# Be quiet: Silent Base 800 Window und Dark Power Pro 11 kommen im 2. Quartal



## PCGH-Redaktion (28. März 2015)

Jetzt ist Ihre Meinung gefragt zu *Be quiet: Silent Base 800 Window und Dark Power Pro 11 kommen im 2. Quartal*

					Auf der Cebit 2015 stellte Be quiet seine neuesten Kreationen vor, darunter die "Dark Power Pro 11"-Netzteile und das Gehäuse Silent Base 800 Window. Nun gab der Hersteller bekannt, dass die beiden Neulinge voraussichtlich im zweiten Quartal des laufenden Jahres erhältlich sein werden.

					Bitte beachten Sie: Der Kommentarbereich wird gemäß der Forenregeln moderiert. Allgemeine Fragen und Kritik zu Online-Artikeln von PC Games Hardware sind im Feedback-Unterforum zu veröffentlichen und nicht im Kommentarthread zu einer News. Dort werden sie ohne Nachfragen entfernt.
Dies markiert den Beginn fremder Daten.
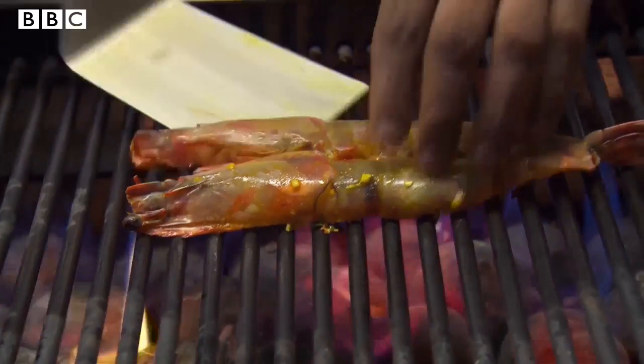These are Madagascan prawns. They're quite expensive. I would be really annoyed and upset if I lose a prawn and it goes to the bin.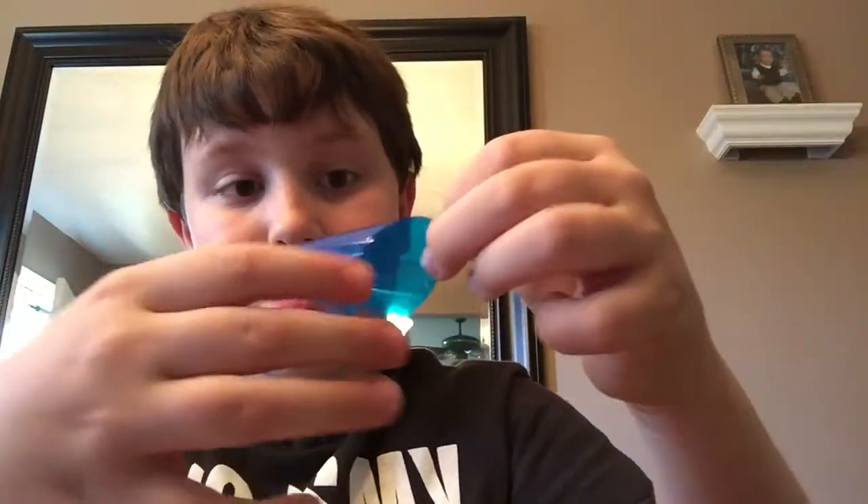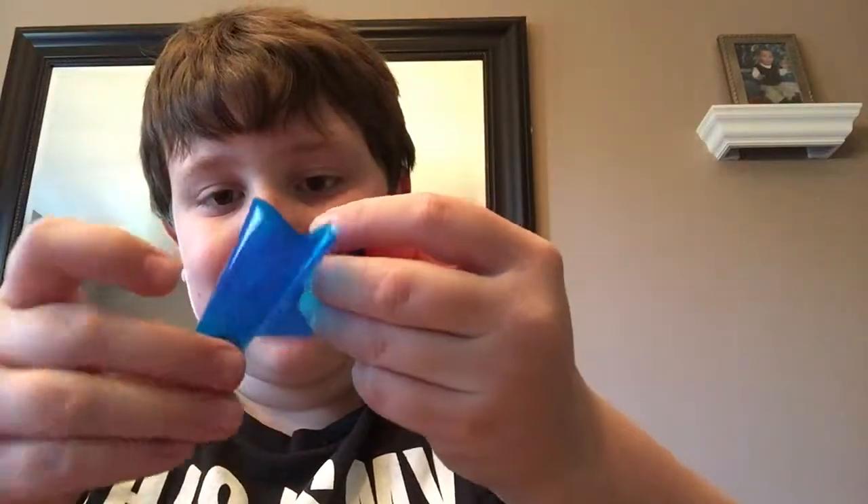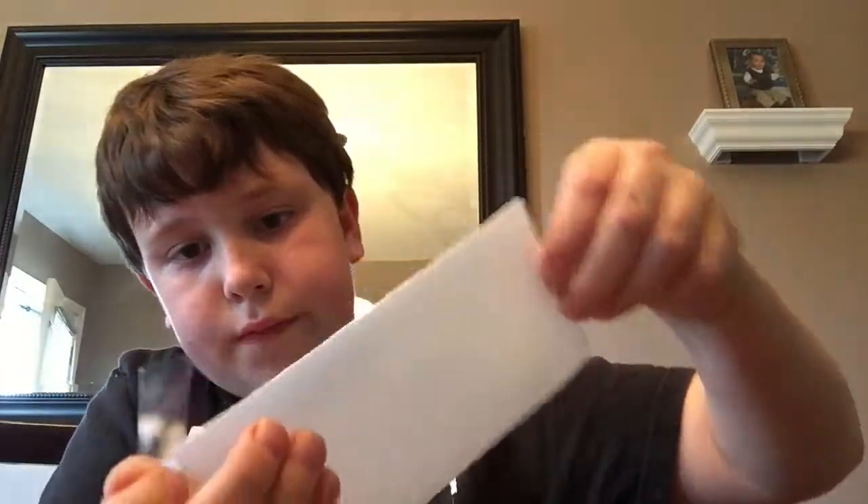Step three: apply the guide stickers to the screen, pull off the covering, and then apply it. Keep in mind to get rid of all the dust before you do this, and to get rid of air bubbles once you've applied it. Then you're all done and you can put your case or skin back on and enjoy the rest of your life.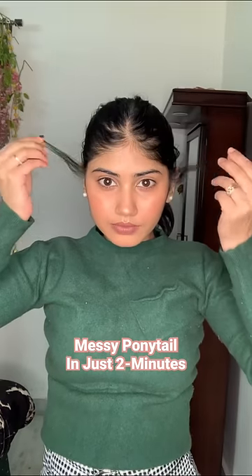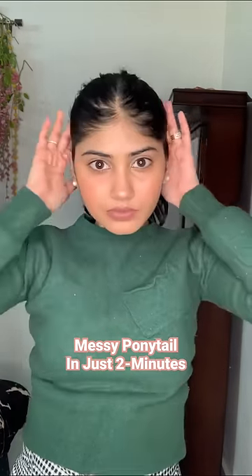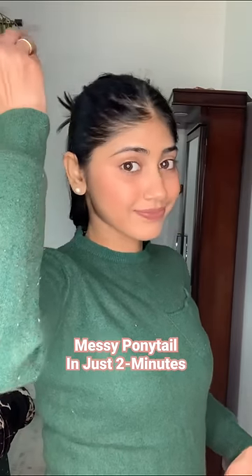Now I will tie the rubber band, and this is how I achieve my perfect messy ponytail every time. I don't want to wash my hair — so simple! This was all for the video, guys.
			Dieser Inhalt steht nur eingeloggten Mitgliedern zur Verfügung.
        

 Zurück zum Artikel: *Be quiet: Silent Base 800 Window und Dark Power Pro 11 kommen im 2. Quartal*


----------



## Cube (28. März 2015)

viel zu viel Plastik!...... und immer schön alles vor den Lüftern zubauen, ..


----------



## Abductee (28. März 2015)

Ich bin ja gespannt ob Be Quiet die Sockelhalterung der CPU-kühler endlich mal überarbeitet hat.


----------



## haii91 (28. März 2015)

was kann man denn an einen dark power pro 10 noch besser machen, die Unterschiede in Effizienz und in Geräuschentwicklung wären mit den Nachfolger nur minimal besser.


----------



## Pu244 (28. März 2015)

haii91 schrieb:


> was kann man denn an einen dark power pro 10 noch besser machen, die Unterschiede in Effizienz und in Geräuschentwicklung wären mit den Nachfolger nur minimal besser.
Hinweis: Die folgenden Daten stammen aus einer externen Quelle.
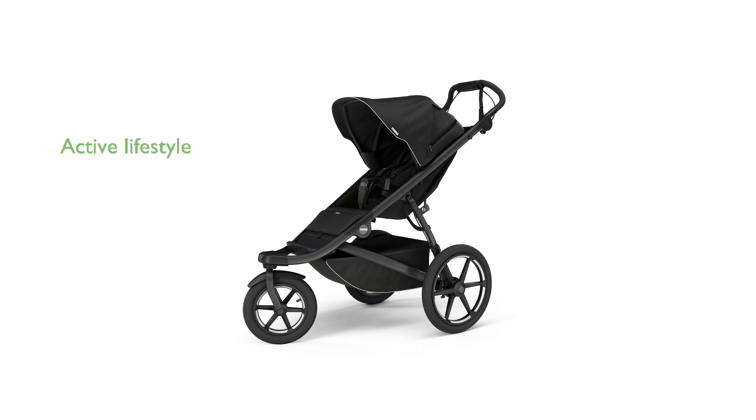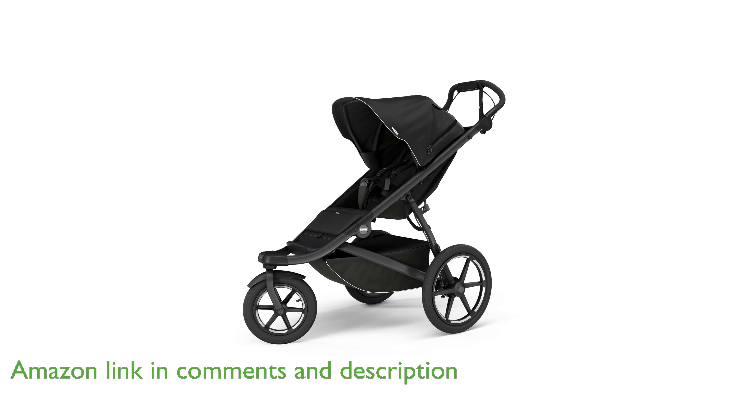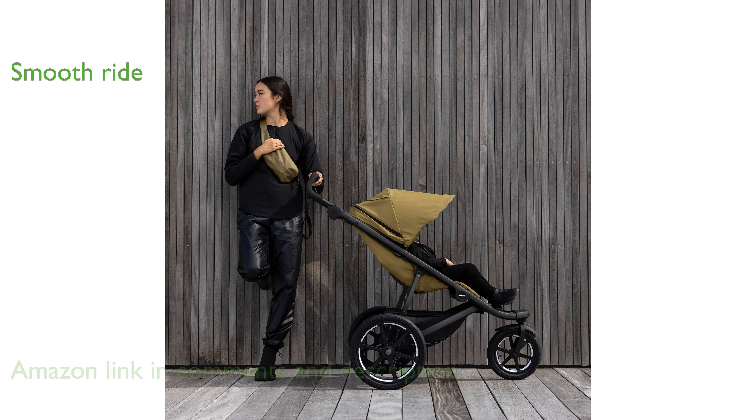The Thule Urban Glide 3 stroller is designed for parents who enjoy an active lifestyle, offering a lightweight frame and ergonomic handle for easy jogging or walking. Its large 16-inch wheels with air-filled tires and suspension provide an ultra-smooth ride, and the front swivel wheel can be locked for jogging.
Gibt einige die mit der Absicherung der Seasonicmodelle nicht zufrieden sind und deshalb nur die 550W und 750W Modelle empfehlen.

Sehe ich genauso, das Antec HCP Platinum 850W aufwärts ist da dann einfach überlegen.


----------



## schon-alles-vergeben (28. März 2015)

das trift sich gut ich brauch nämlich ein neues NT mein 9er nachts nicht mehr lange


----------



## RonGames (28. März 2015)

Das Gehäuse werde ich mir mal genauer Anschauen. Bei denn Netzteil könnte es eins sein was mein aktuelles Ersetzt.


----------



## Wortakrobat (1. April 2015)

M4gic schrieb:


> .........Das Ding ist riesig, Kühlleistung und und Geräuschkulisse für mich untragbar. Die "Dämmung" ist ein Witz, hauchdünne Matten an den Seitenteilen, oben, unten und vorne nichts als Plastik. Ich schicke den Tower spätestens übermorgen zurück, wenn die Hardware wieder in einem meiner alten Gehäuse steckt
> ......
> Ps. das be Quiet wiegt 11,5 KG und hat die Stabilität einer Überraschungseizusammenbaufigur



Das bestätigt meinen Eindruck aus den bisherigen Videos, Reviews etc... Fande es bis auf die Ansaugtechnik unten und die damit verbundene Staublösung eher unausgereift bzw Featurelos.... Wie soll es auch anders sein beim ersten Gehäuse, aber sie haben bisher bewiesen das sie lernfähig sind... abwarten....


----------



## Malocher (2. April 2015)

Pu244 schrieb:


> Gibt einige die mit der Absicherung der Seasonicmodelle nicht zufrieden sind und deshalb nur die 550W und 750W Modelle empfehlen.
> 
> [...]



Hi,

als Laie würde mich interessieren was bei den von Seasonic produzierten Dark Power Modellen nicht mit den Schutzschaltungen stimmt bzw. was den Leuten nicht gefällt. Gibt leider nur wenige Seiten die es testen, aber obwohl das 850 mehr auf der 12V Schiene liefert scheint es bei ähnlichen Ampere-Werten abzuschalten wie das 550.


----------



## Deeron (2. April 2015)

M4gic schrieb:


> Von dem Gehäuse kann ich nur abraten...
> ich habe heute meine Hardware verbaut und einen mittelschweren Temperaturschock erlitten. Das Ding ist riesig, Kühlleistung und und Geräuschkulisse für mich untragbar. Die "Dämmung" ist ein Witz, hauchdünne Matten an den Seitenteilen, oben, unten und vorne nichts als Plastik. Ich schicke den Tower spätestens übermorgen zurück, wenn die Hardware wieder in einem meiner alten Gehäuse steckt
> 
> Fractal Design Define, Lian Li PC und die Silverstone Palette kann ich jedem raten. hier wird möglichst auf billiges Plastik verzichtet.
> ...



Dann stell dir mal vor, wie schwer das Gehäuse wäre, wenn die komplette Verblendung aus Alu oder sogar Stahl wäre... dann würde man sich wieder beschweren, dass es (grob geschätzt) 15kg wiegt. 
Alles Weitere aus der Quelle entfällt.